* [RECORDED INFORMATION]

──────

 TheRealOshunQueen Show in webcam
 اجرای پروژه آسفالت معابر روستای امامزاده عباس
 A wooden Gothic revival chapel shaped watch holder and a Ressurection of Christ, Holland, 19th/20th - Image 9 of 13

──────

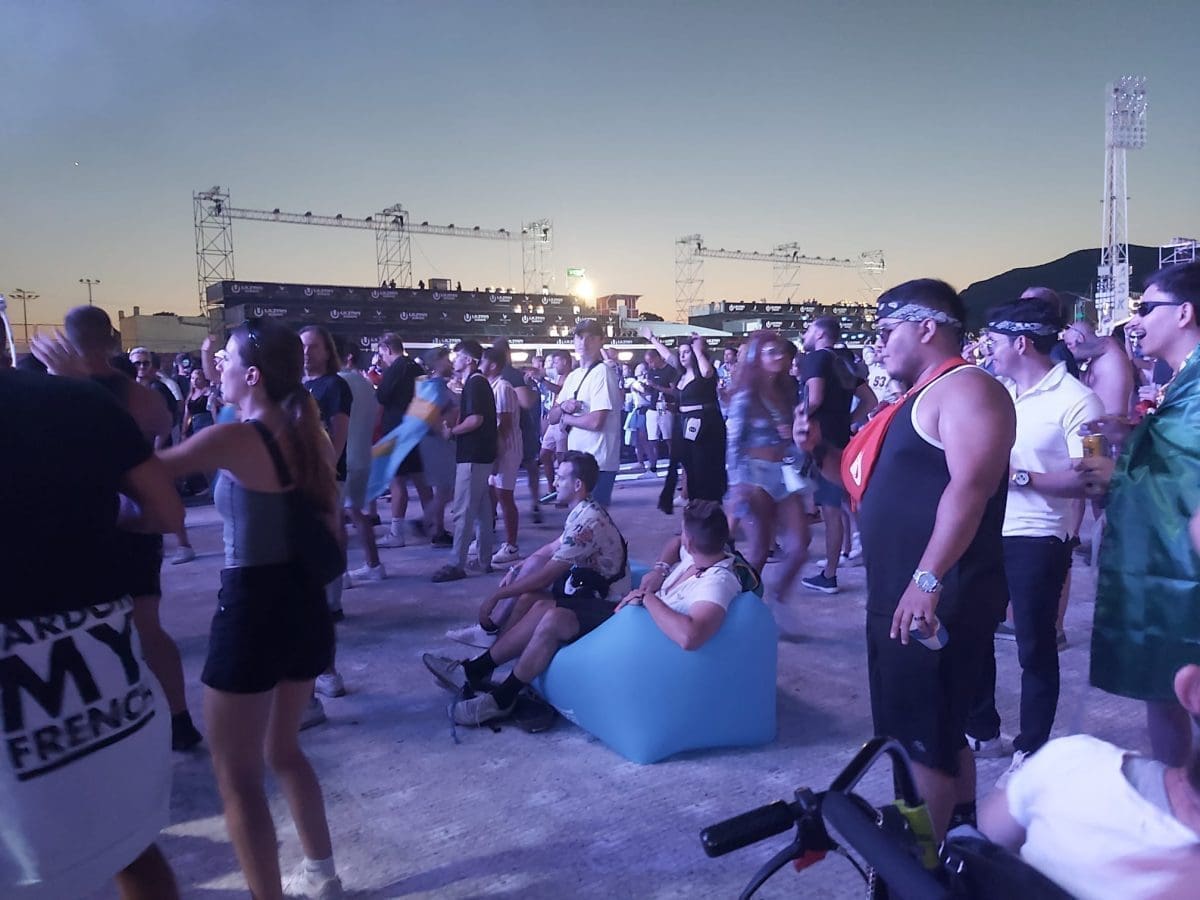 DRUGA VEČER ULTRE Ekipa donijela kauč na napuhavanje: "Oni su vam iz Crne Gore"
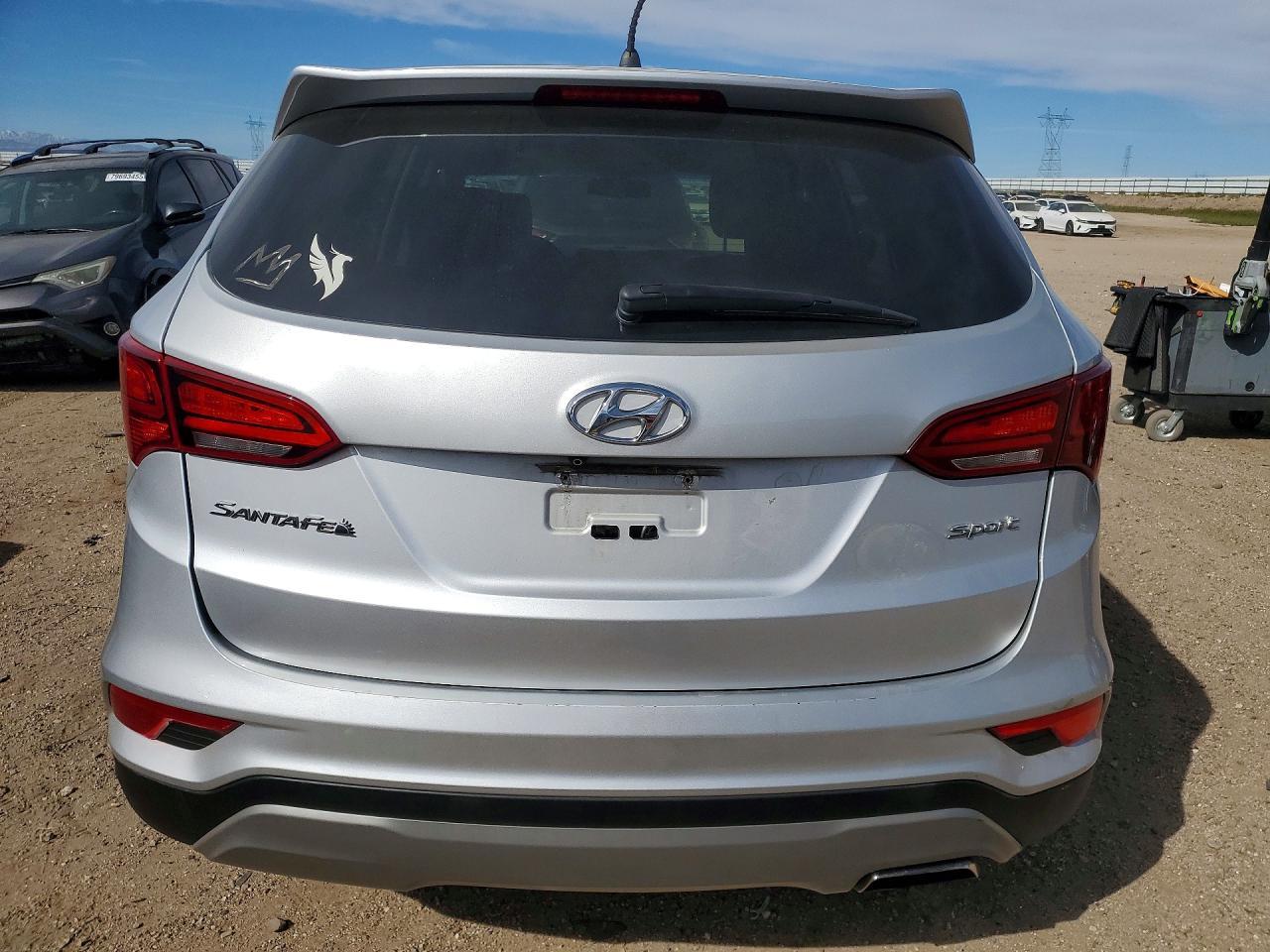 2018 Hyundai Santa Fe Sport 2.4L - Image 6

──────

Give back, unchanged, the run of lines in the listing above that begins at the line containing "TheRealOshunQueen Show in webcam" and ends at the line containing "A wooden Gothic", both included.

 TheRealOshunQueen Show in webcam
 اجرای پروژه آسفالت معابر روستای امامزاده عباس
 A wooden Gothic revival chapel shaped watch holder and a Ressurection of Christ, Holland, 19th/20th - Image 9 of 13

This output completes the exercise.